ところで、大形基板70の厚みが均一でない(平行に成形されていない)場合、例えば、その一面側がテーパー面として成形されているようなときは、該大形基板70上の電子部品71を樹脂封止するパッケージの厚さ33bがそのテーパー面に対応して成形されるので、均一なパッケージ厚みを得ることができない。
しかしながら、本実施例では、大形基板70の厚みに若干のバラツキが発生しているような場合においても、パッケージの厚さ33bを効率良く且つ確実に均一な厚みとして成形することができる。
【0052】
即ち、本実施例における基板セットブロック31c及びキャビティブロック32cは、上述したように、上型31及び下型32の夫々に対して遊嵌されていること、また、上型均等加圧手段41及び下型均等加圧手段42によって弯曲変形防止機能が備えられていることから、基板セットブロック31c及びキャビティブロック32cは、上型31及び下型32に遊嵌された範囲内において上下左右方向へ揺動することが可能となるように構成されている。
従って、大形基板70の厚みが平行でないために、基板セットブロック31cに係着された大形基板70の表面(電子部品71の装着面)とキャビティブロック32cの上面とが平行に配置されないような場合であっても、第二型締工程時において、基板セットブロック31c或はキャビティブロック32cのいずれか一方側が、若しくは、その両方が上下左右方向へ揺動することにより、該大形基板70の表面とキャビティブロック32cの上面とが平行するように、両者の位置若しくは傾きの修正が行われる。
このため、大形基板70上の電子部品71に対する樹脂封止成形は、該大形基板70の表面とキャビティブロック32cの上面とが平行性を保つように修正された状態で行われることになるから、成形されたパッケージの厚さ33bを均一な厚みに成形することができる。
【0053】
この実施例によれば、電子部品71を樹脂封止するパッケージの厚さ33bを均一な厚みに成形することができる。
また、大形基板70上に装着した多数個の電子部品71を樹脂により一括して封止成形する場合において、下型キャビティ33a内における溶融樹脂材料80aに対する圧縮作用を、より低速度で且つ低圧にて行うことにより、溶融樹脂材料80aの流動作用に基因するワイヤスイープ等の発生を効率良く防止することができる。
【0054】
また、上型31についての均等加圧手段41と下型32についての均等加圧手段42とを備えたことにより、上下両型(31・32)の弯曲変形を防止することができるため、大形基板70上の電子部品71を樹脂により一括して封止成形する場合に有益である。
【0055】
また、前記した実施例において、前記第二型締工程時に、前記基板セットブロック31c或は前記キャビティブロック32cのいずれか一方側若しくはその両方において、次のことを実施することができる。
即ち、前記上型均等加圧手段41における加圧力調節機構43にて、前記作動流体経路42eを通して所要の加圧力に調節された圧力媒体44をマニホールド41aの作動流体室41d内に導入し、この圧力媒体44にて前記マニホールド41aの各シリンダ41bの夫々に嵌装させたピストン41cを押動してその各ピストンロッド41fの下端部を前記基板セットブロック31cの背面に接合させることにより、前記上型面に供給された基板70を所定の均等な圧力にて押圧することができ、この所定の均等な圧力による押圧にて基板70を保持(保圧)することができる。

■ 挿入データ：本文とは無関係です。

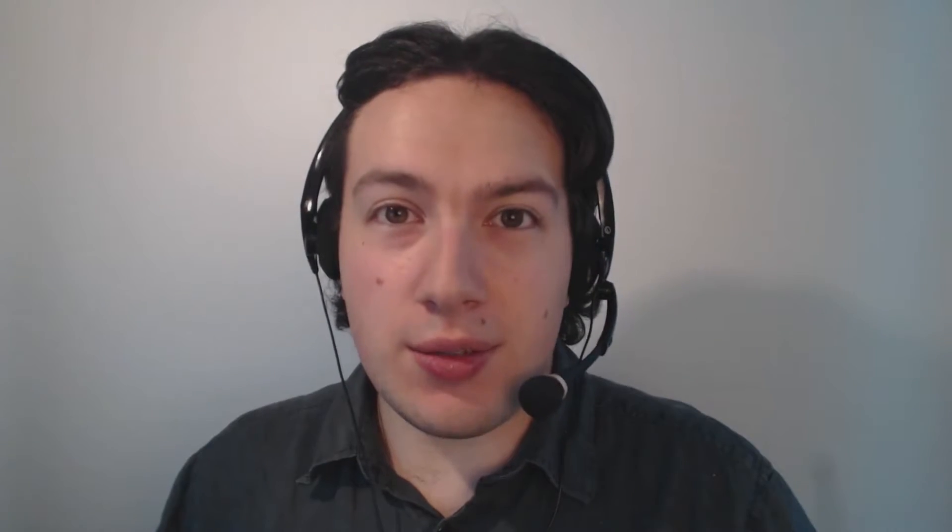This has been Hot Tips. Any questions or suggestions, send them to maxwellrender@brightoncpg1.com or tweet me at JCOM Hunter for Design. Thanks very much for watching. I'll see you again soon.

また、前記下型均等加圧手段42における加圧力調節機構43にて、前記作動流体経路42cを通して所要の加圧力に調節された圧力媒体44をマニホールド42aの作動流体室42d内に導入し、この圧力媒体44にて前記マニホールド42aの各シリンダ42bの夫々に嵌装させたピストン42cを押動してその各ピストンロッド42fの上端部を前記キャビティブロック32cの背面に接合させることにより、前記下型キャビティ33a内の樹脂を所定の均等な圧力にて押圧することができ、この所定の均等な圧力による押圧を保持(保圧)することができる。
従って、前記第二型締工程時に、前記上型均等加圧手段41(加圧力調節機構43)を作動させることにより、前記基板セットブロック31cにて基板70を所定の均等な圧力で(成形圧力で)保圧することができる。

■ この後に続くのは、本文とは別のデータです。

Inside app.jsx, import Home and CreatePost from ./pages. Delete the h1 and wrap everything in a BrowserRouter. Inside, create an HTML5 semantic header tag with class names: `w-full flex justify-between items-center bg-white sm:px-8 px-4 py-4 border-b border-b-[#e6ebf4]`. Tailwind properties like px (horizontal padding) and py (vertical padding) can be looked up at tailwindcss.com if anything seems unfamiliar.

また、前記第二型締工程時に、前記下型均等加圧手段42(加圧力調節機構43)を作動させることにより、前記キャビティブロック32cにて前記下型キャビティ33a内の樹脂を所定の均等な圧力で(成形圧力で)保圧することができる。
【0056】
また、前記実施例において、前記上下両型(31・32)を閉じる第一型締工程の前と、記第二型締工程時とに関し、前記基板セットブロック31c或は前記キャビティブロック32cのいずれか一方側若しくはその両方において、次のことを実施することができる。

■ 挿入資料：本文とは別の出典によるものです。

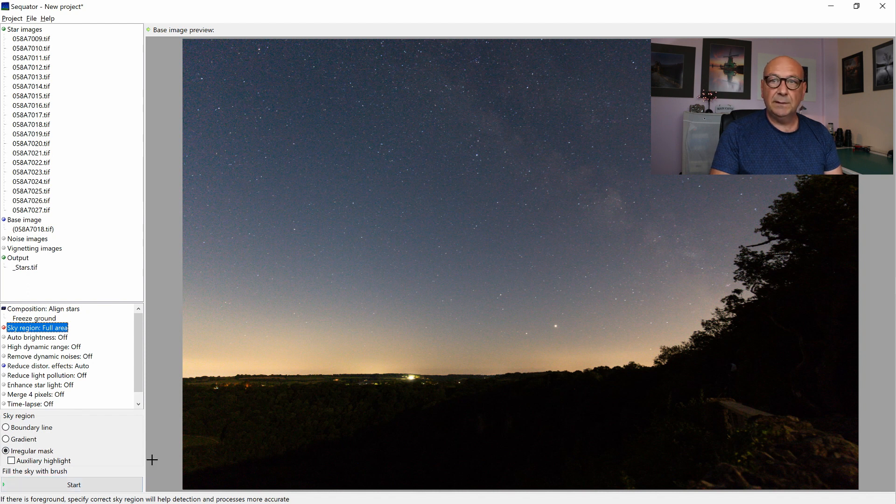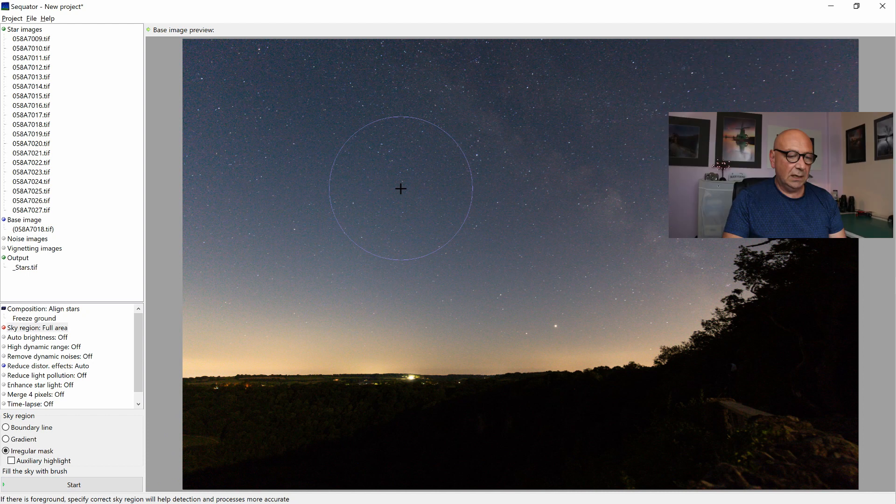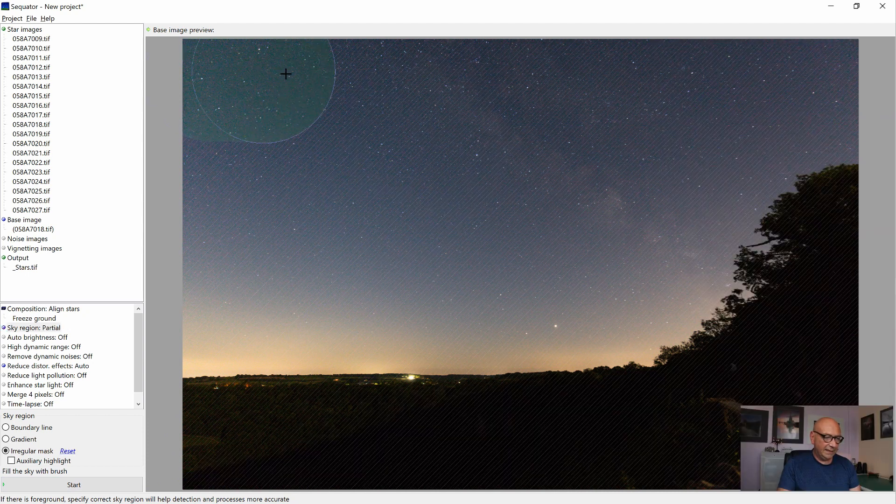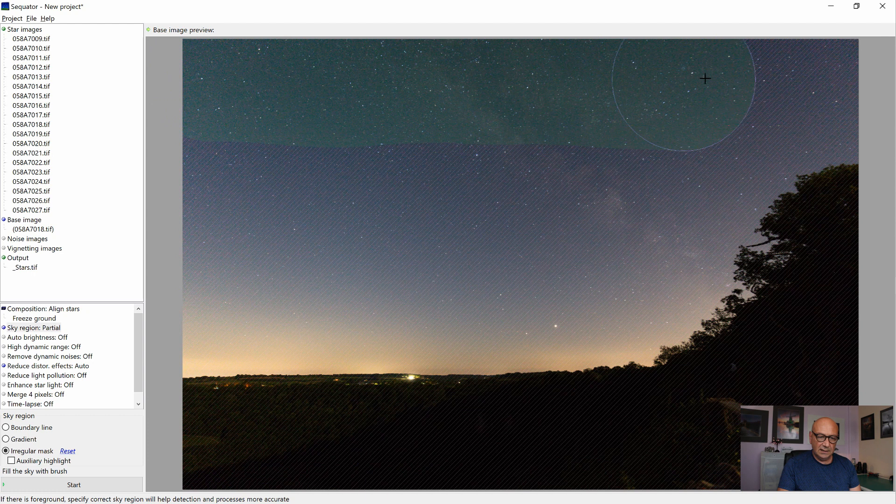And as you can see here at the bottom, fill the sky with a brush. When we are moving our mouse over it, we have a little cursor. And when we start painting it, it gives that funky, weird green here.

即ち、前記実施例において、まず、前記上下両型(31・32)を閉じる第一型締工程の前に、前記加圧力調節機構43を作動させることにより、前記上型均等加圧手段41にて前記基板セットブロック31cを押圧することができ、前記下型均等加圧手段42にて前記キャビティブロック32cを押圧することができる。
このとき、前記基板セットブロック31cを或いは前記キャビティブロック32cを、所定の均等な圧力による押圧にて或いはこの所定の均等な圧力より低い圧力による押圧にて保持することができる。
例えば、前記基板セットブロック31cを(或いは前記キャビティブロック32cを)、前記第二型締工程時に前記基板セットブロック31c(或いは前記キャビティブロック32c)に加えられる均等な圧力による押圧にて、或いは、前記第二型締工程時に前記基板セットブロック31c(或いは前記キャビティブロック32cを)に加えられる均等な圧力より低い均等な圧力による押圧にて保持することができる。
次に、前記第二型締工程時に、前記加圧力調節機構43を作動させることにより、前記上型均等加圧手段41にて前記基板セットブロック31c(基板70)を所定の均等な圧力の押圧にて保持することができ、前記下型均等加圧手段42にて前記キャビティブロック32c(前記下型キャビティ33a内の樹脂)を所定の均等な圧力による押圧にて保持することができる。
従って、前記加圧力調節機構43を作動させることにより、常時、前記上型均等加圧手段41にて前記基板セットブロック31cを所定の均等な圧力による押圧にて保持することができ、前記下型均等加圧手段42にて前記キャビティブロック32cを所定の均等な圧力による押圧にて保持することができる。